According to the goals of shopping basket analysis, perhaps the most useful rules are those with high support, reliability and promotion. The arules package contains a sort () function that reorders the list of rules by specifying the parameter by to be "support", "confidence", or "lift". By default, the sort is in descending order, and you can specify the parameter decreasing=FALSE to reverse the sort method.

> inspect (sort (grocery_rules) By= "lift") [1:10]) lhs rhs support confidence lift 3 {herbs} = > {root vegetables} 0.007015760 0.4312500 3.956477 57 {berries} = > {whipped/sour cream } 0.009049314 0.2721713 3.796886 450 {tropical fruit Other vegetables,whole milk} = > {root vegetables} 0.007015760 0.4107143 3.768074 174 {beef,other vegetables} = > {root vegetables} 0.007930859 0.4020619 3.688692 285 {tropical fruit,other vegetables} = > {pip fruit} 0.009456024 0.2634561 3.482649 176 {beef,whole milk} = > {root vegetables} 0.008032537 0.3779904 3.467851 284 {pip fruit Other vegetables} = > {tropical fruit} 0.009456024 0.3618677 3.448613 282 {pip fruit,yogurt} = > {tropical fruit} 0.006405694 0.3559322 3.392048 319 {citrus fruit,other vegetables} = > {root vegetables} 0.010371124 0.3591549 3.295045 455 {other vegetables,whole milk,yogurt} = > {tropical fruit} 0.007625826 0.3424658 3.263712

(2) extract a subset of association rules: we can extract the rules we are interested in through the subset () function.

> fruit_rules fruit_rules set of 21 rules > inspect (fruit_rules [1:5]) lhs rhs support confidence lift 127 {pip fruit} = > {tropical fruit} 0.020437214 0.2701613 2.574648 128 {pip fruit} = > {other vegetables} 0.026131164 0.3454301 1.785237 129 {pip fruit} = > {whole milk} 0.030096594 0.3978495 1.557043 281 {tropical fruit Pip fruit} = > {yogurt} 0.006405694 0.3134328 2.246802 282 {pip fruit,yogurt} = > {tropical fruit} 0.006405694 0.3559322 3.392048 so much about how to use the Apriori algorithm in R language.

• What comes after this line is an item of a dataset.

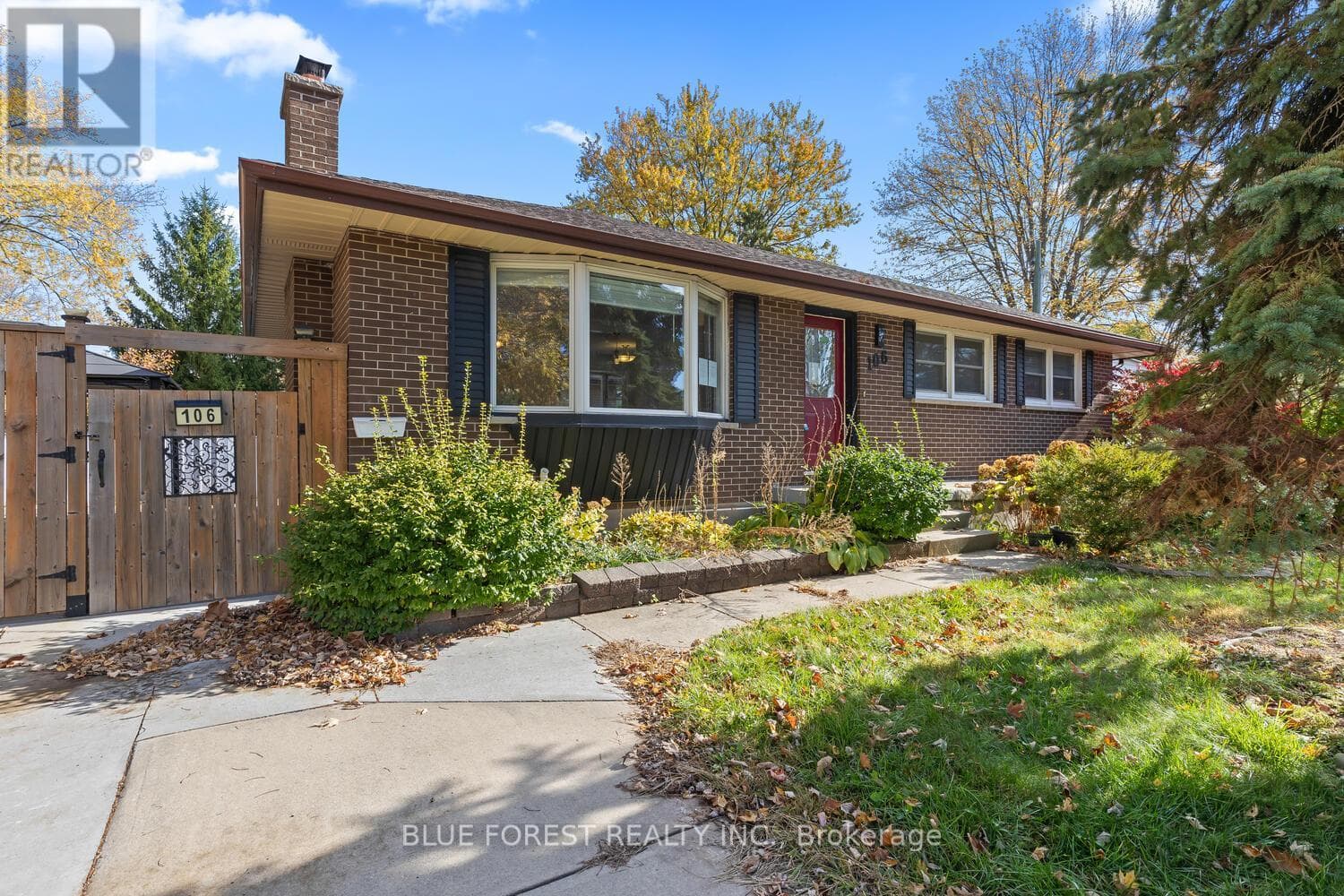 106 LAURENTIAN DRIVE N photo 4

I hope the above content can be of some help to you and learn more knowledge. If you think the article is good, you can share it for more people to see.

Welcome to subscribe "Shulou Technology Information " to get latest news, interesting things and hot topics in the IT industry, and controls the hottest and latest Internet news, technology news and IT industry trends.

*The comments in the above article only represent the author's personal views and do not represent the views and positions of this website. If you have more insights, please feel free to contribute and share.